I note what Deputy Carthy said about criminal legal aid and civil legal aid. I am in negotiations with the Minister for Public Expenditure, Infrastructure, Public Service Reform and Digitalisation with respect to trying to get further increases in the criminal legal aid sphere. There has been a well-motivated campaign on this issue, seeking full restoration of criminal legal aid fees. I am also conscious, however, of the limitations of the civil legal aid system that operates. I got the report and the minority report from Mr. Justice Frank Clarke and his committee. I cannot give any commitments in respect of it.

Regarding the criminal injuries compensation tribunal, Deputy Carthy correctly pointed out the significance of the Blanco judgment. The reason that man got such a small award of €645 from the CICT is that the compensation tribunal does not compensate people for pain and suffering. All one will get from the CICT is compensation for material financial loss. It is very limited in what it provides for. One of the cases being considered at present is whether there is an obligation on the State to provide compensation for pain and suffering. It potentially could increase the liability of the State hugely. Obviously, that has to be taken into account.

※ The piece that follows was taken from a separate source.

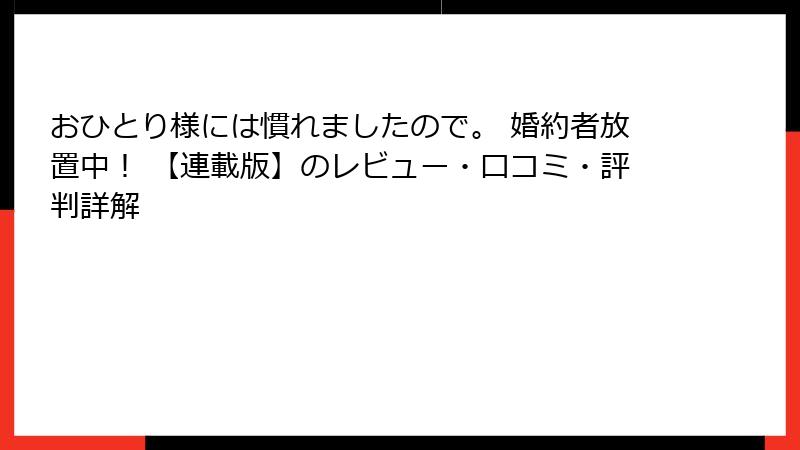 おひとり様には慣れましたので。 婚約者放置中！ 【連載版】のレビュー・口コミ・評判詳解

I listened carefully to Deputy Gannon, who spoke about youth diversion. We have excellent youth diversion programmes in this country. Later on this year or early next year, I hope to be able to say that we have rolled out youth diversion programmes in every part of the country. They do outstanding work. They do not get enough credit. It is the same case with the Probation Service. The Probation Service is an entity within my Department that does superb work.